Directions for this task: The records must be duplicated exactly, with every picture left out.

Provided records:
BEGIN

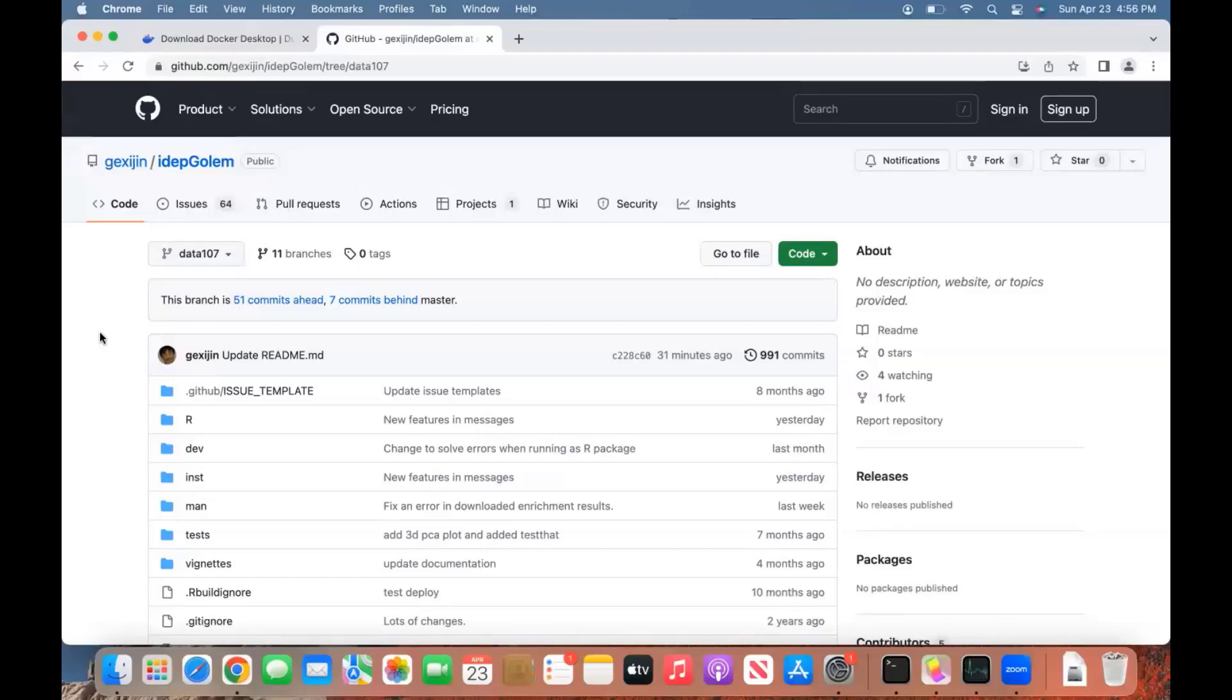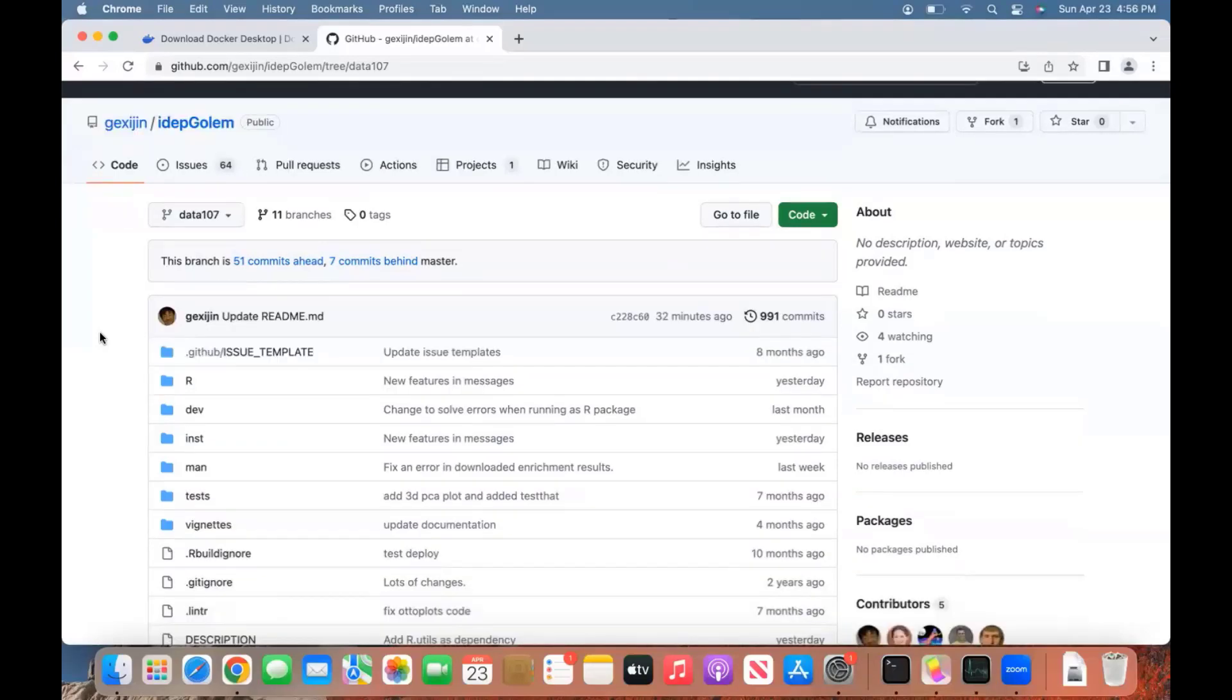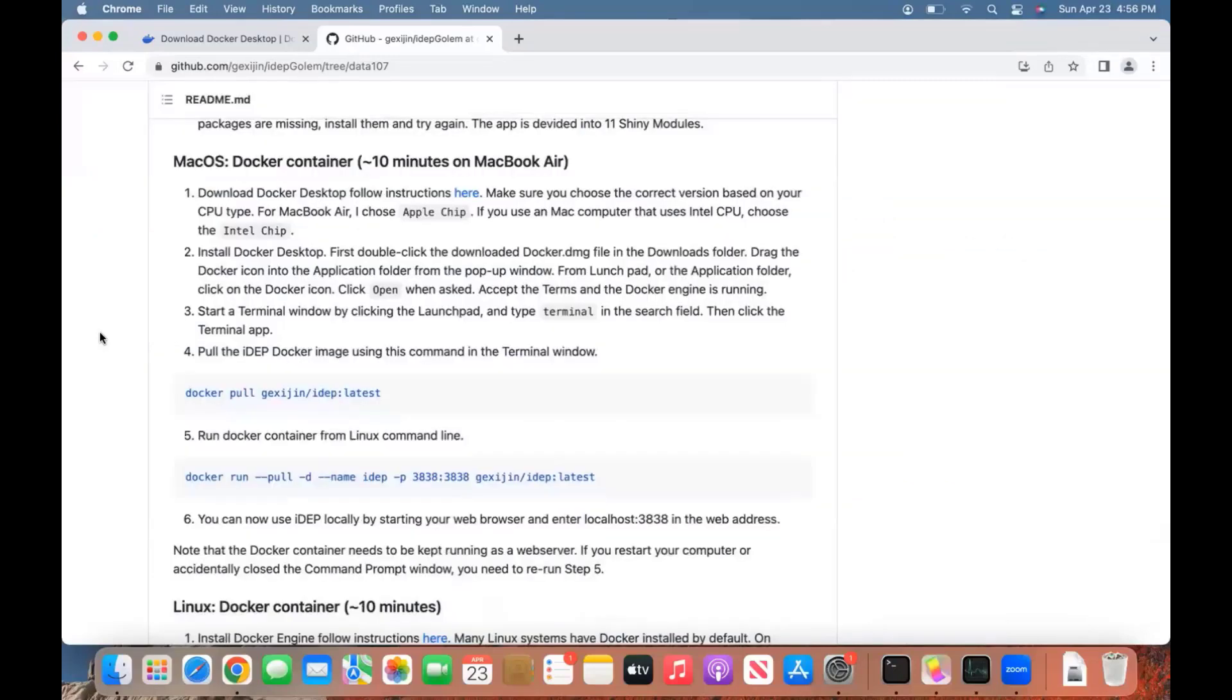In this video, I'm going to show you how to run ADAPT locally on a Macintosh computer. I'm using a MacBook Air. We're going to follow the instructions on the ADAPT GitHub page. The first approach we're going to take is using a Docker container, which is easier. Secondly, we can show you how to install this as an R package.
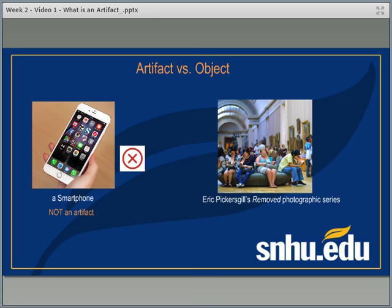However, we can find artifacts that deal with the concept of a smartphone. Eric Pickersgill's Removed Photographic Series is a series of photographs where he looks at the effect of smartphones on us as a culture — a creative expression by the artist thinking about the concept of the cell phone. So these photographs would be considered an artifact, because it's a creative expression created by man that brings in individual ideas, and its primary function is to get us to reflect on those ideas.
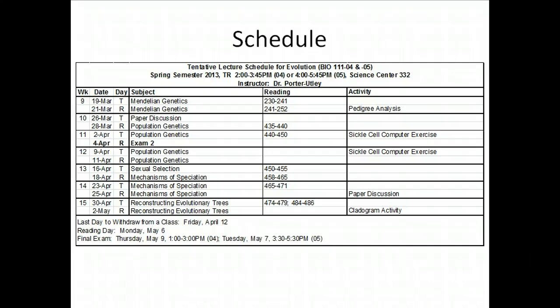The first thing I want to do is update you on the schedule. If you look at the new version of the schedule, our paper discussion, which was supposed to take place on the Thursday before spring break, is now going to take place next Tuesday.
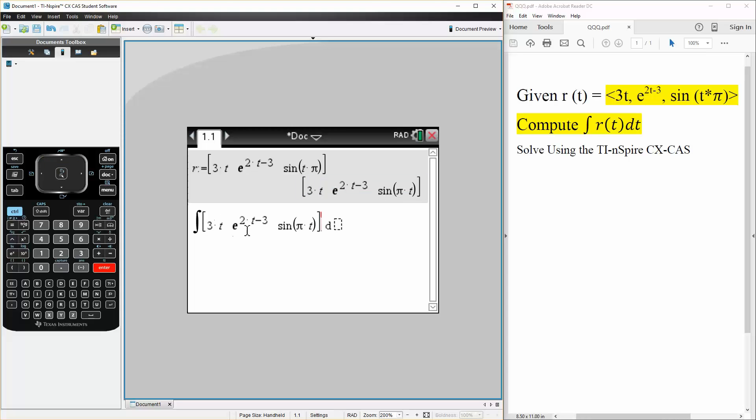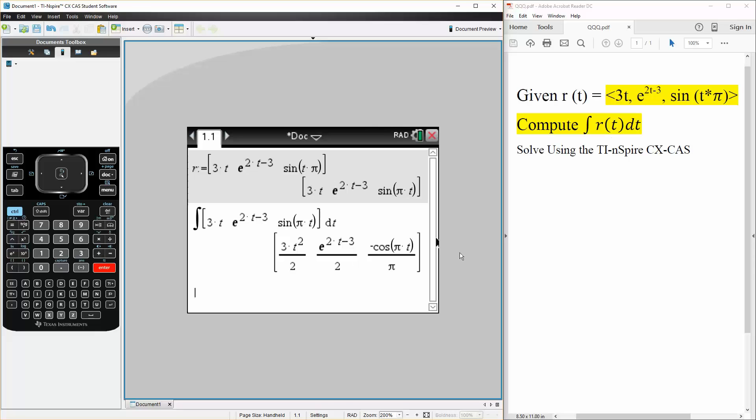Hit enter, write in terms of dt, enter. And this is our answer, this is the integral of r(t), and the one thing that we know is it would be a plus C, you need an arbitrary constant C. That's it.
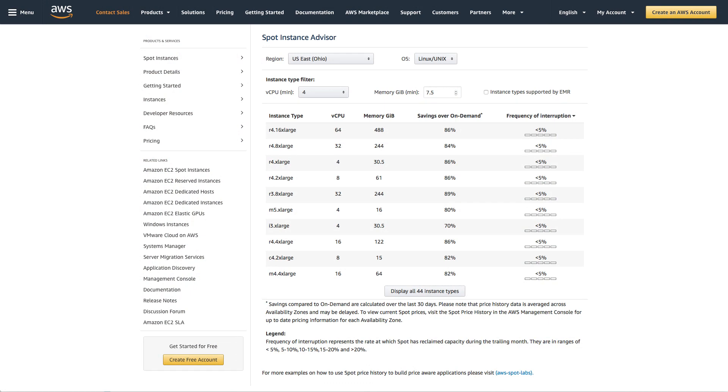So first things first, the reason you need to qualify for spot is because spot is unused EC2 capacity, and spot instances can be interrupted by EC2 with a two-minute notification when EC2 needs that capacity back. So while this doesn't happen all that frequently, you do need to be able to handle interruption in order to use spot effectively.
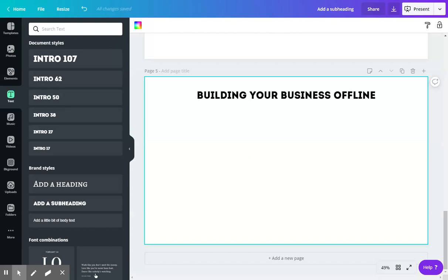Hello everyone, Cody Dean here. In this video, we're going to be going over how to build your business offline and how that relates to building your business online. So let's get right into it.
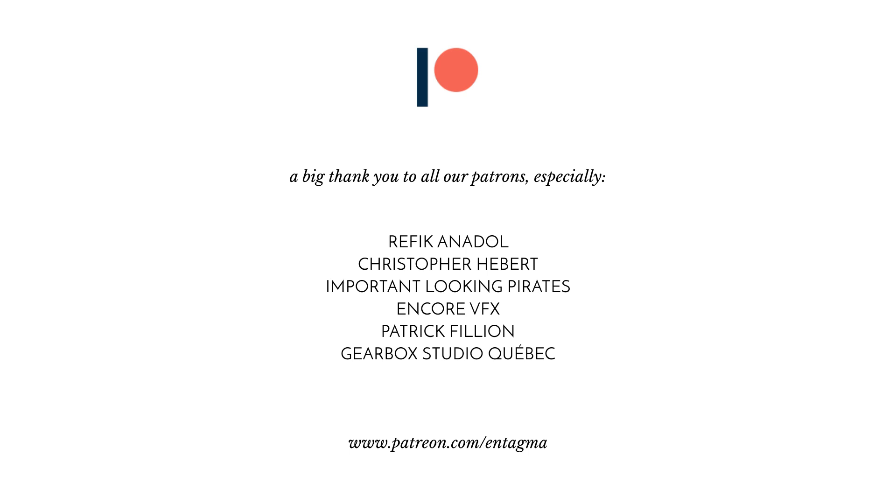If you guys like what we're doing, and want to support us, you might want to head over to our Patreon. And we'd like to thank all of our Patrons, especially Rafika Nadol, Chris Hebert, Important Looking Pirates, Encore VFX, Patrick Fillion, and Gearbox Studio Quebec. Thanks so much guys.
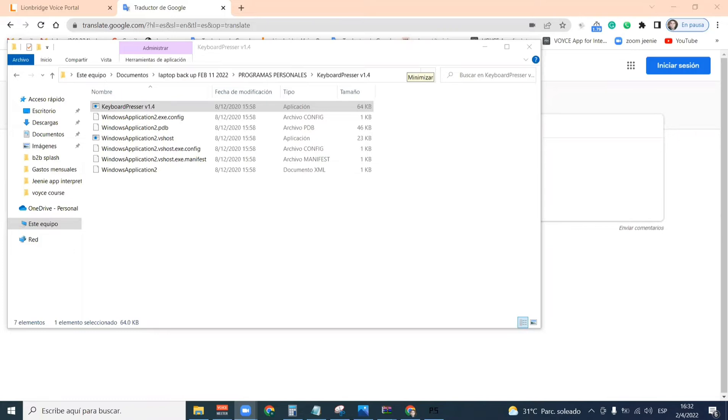It's me again, Hans Vega, and today I'm going to show you another tool that is very important for people who work for Lionbridge, the interpretation service company. This is going to be very useful.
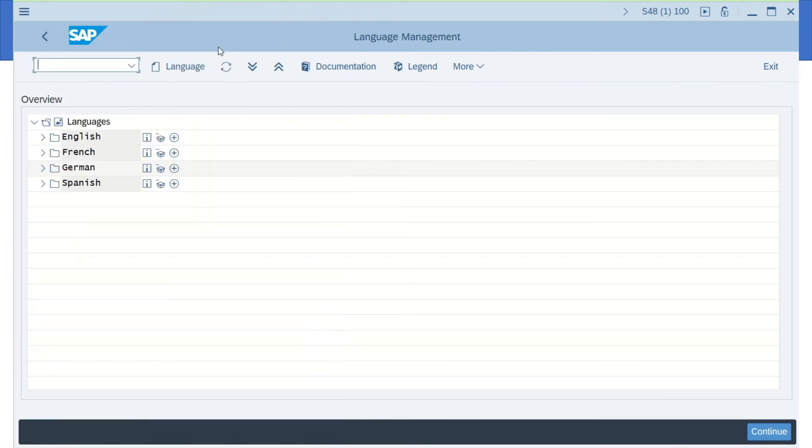Okay. So with that information, I now know what languages I can log in with to this particular system. Hope this helps, and hope you see it. Thank you.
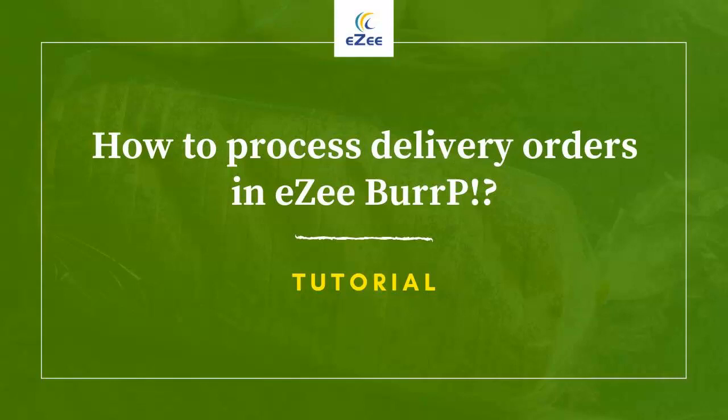Welcome to the video tutorial of EZBURP, a desktop-based restaurant management software. In this video, we will talk about delivery service and we'll see how it can be managed with EZBURP.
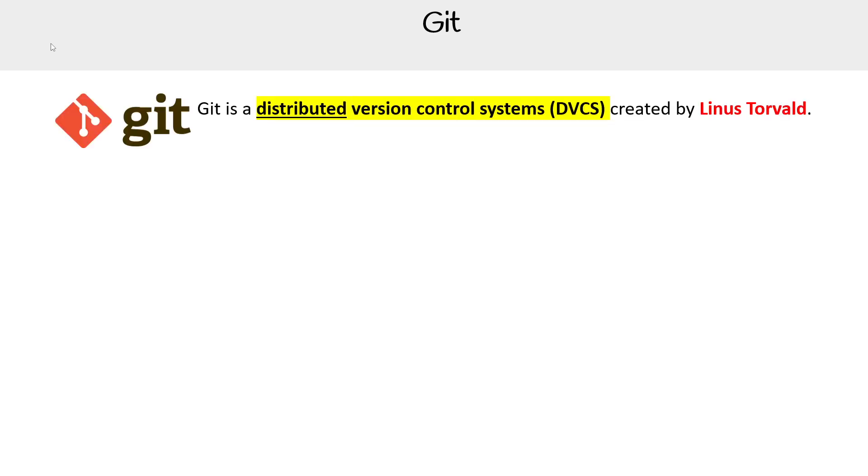Hey, this is Andrew Brown, and we are taking a look at Git. So Git is a distributed version control system, a DVCS.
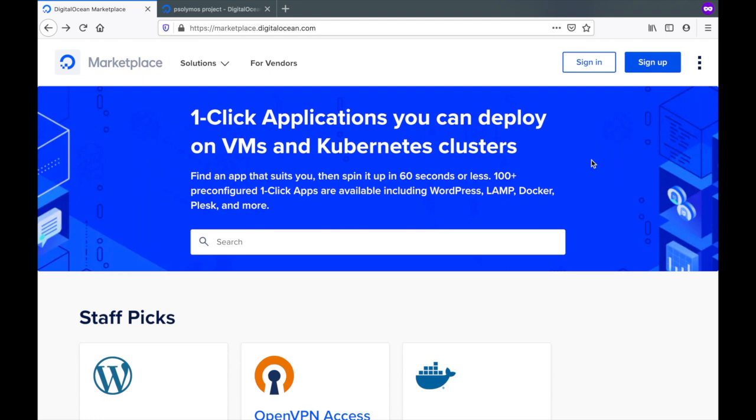Hi, I'm Peter Salimos from Anlithium. In this video I'm going to show you how to set up ShinyProxy on DigitalOcean using one-click application.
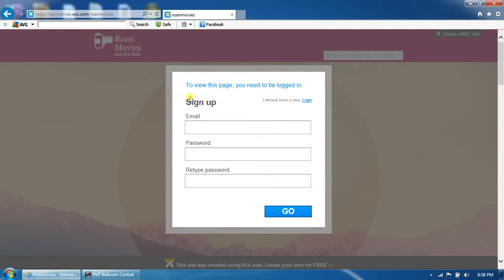And you will have to put your email. So I'm just going to put, you know, totally random.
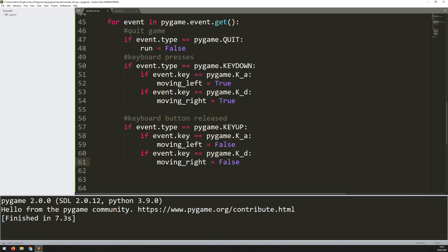These two sections are going to allow me to control whether the player is moving left or right. Now that I've got these variables, I can process them within the code to actually control the player's movement.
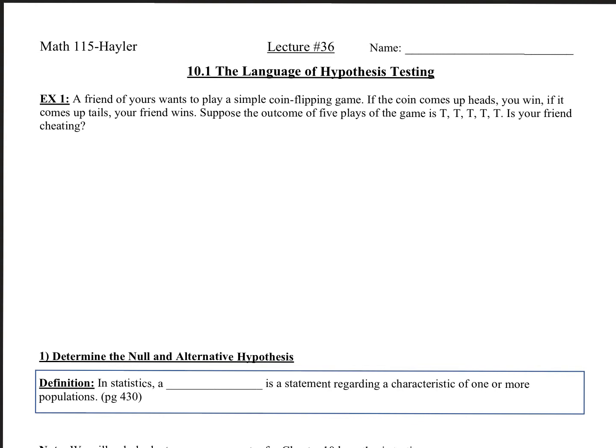For the first example, a friend of yours wants to play a simple coin-flipping game. If the coin comes up heads, you win; if it comes up tails, your friend wins. Suppose the outcome of five plays is tails, tails, tails, tails, tails. Is your friend cheating? To figure this out, we want to determine the likelihood of obtaining five tails in a row.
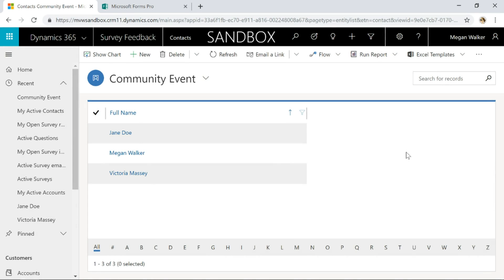One of the really cool things we can do with Microsoft Forms Pro is we can actually send out surveys to a view. If you think about a view in Dynamics 365 Customer Engagement, we've got here a list of contacts and these are all contacts that went to a specific event.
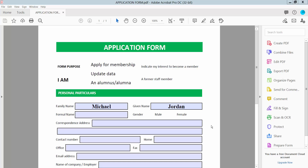Hello everyone, today I will show you how to change font color in a fillable PDF form using Adobe Acrobat Pro DC.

END

Result of the exercise:
In this video, I'm going to show you how to run ADAPT locally on a Macintosh computer. I'm using a MacBook Air. We're going to follow the instructions on the ADAPT GitHub page. The first approach we're going to take is using a Docker container, which is easier. Secondly, we can show you how to install this as an R package.
However, we can find artifacts that deal with the concept of a smartphone. Eric Pickersgill's Removed Photographic Series is a series of photographs where he looks at the effect of smartphones on us as a culture — a creative expression by the artist thinking about the concept of the cell phone. So these photographs would be considered an artifact, because it's a creative expression created by man that brings in individual ideas, and its primary function is to get us to reflect on those ideas.
The first thing I want to do is update you on the schedule. If you look at the new version of the schedule, our paper discussion, which was supposed to take place on the Thursday before spring break, is now going to take place next Tuesday.
Hit enter, write in terms of dt, enter. And this is our answer, this is the integral of r(t), and the one thing that we know is it would be a plus C, you need an arbitrary constant C. That's it.
So first things first, the reason you need to qualify for spot is because spot is unused EC2 capacity, and spot instances can be interrupted by EC2 with a two-minute notification when EC2 needs that capacity back. So while this doesn't happen all that frequently, you do need to be able to handle interruption in order to use spot effectively.
Hello everyone, Cody Dean here. In this video, we're going to be going over how to build your business offline and how that relates to building your business online. So let's get right into it.
If you guys like what we're doing, and want to support us, you might want to head over to our Patreon. And we'd like to thank all of our Patrons, especially Rafika Nadol, Chris Hebert, Important Looking Pirates, Encore VFX, Patrick Fillion, and Gearbox Studio Quebec. Thanks so much guys.
It's me again, Hans Vega, and today I'm going to show you another tool that is very important for people who work for Lionbridge, the interpretation service company. This is going to be very useful.
Okay. So with that information, I now know what languages I can log in with to this particular system. Hope this helps, and hope you see it. Thank you.
Welcome to the video tutorial of EZBURP, a desktop-based restaurant management software. In this video, we will talk about delivery service and we'll see how it can be managed with EZBURP.
Hey, this is Andrew Brown, and we are taking a look at Git. So Git is a distributed version control system, a DVCS.
Hi, I'm Peter Salimos from Anlithium. In this video I'm going to show you how to set up ShinyProxy on DigitalOcean using one-click application.
And you will have to put your email. So I'm just going to put, you know, totally random.
These two sections are going to allow me to control whether the player is moving left or right. Now that I've got these variables, I can process them within the code to actually control the player's movement.
For the first example, a friend of yours wants to play a simple coin-flipping game. If the coin comes up heads, you win; if it comes up tails, your friend wins. Suppose the outcome of five plays is tails, tails, tails, tails, tails. Is your friend cheating? To figure this out, we want to determine the likelihood of obtaining five tails in a row.
One of the really cool things we can do with Microsoft Forms Pro is we can actually send out surveys to a view. If you think about a view in Dynamics 365 Customer Engagement, we've got here a list of contacts and these are all contacts that went to a specific event.
Hello everyone, today I will show you how to change font color in a fillable PDF form using Adobe Acrobat Pro DC.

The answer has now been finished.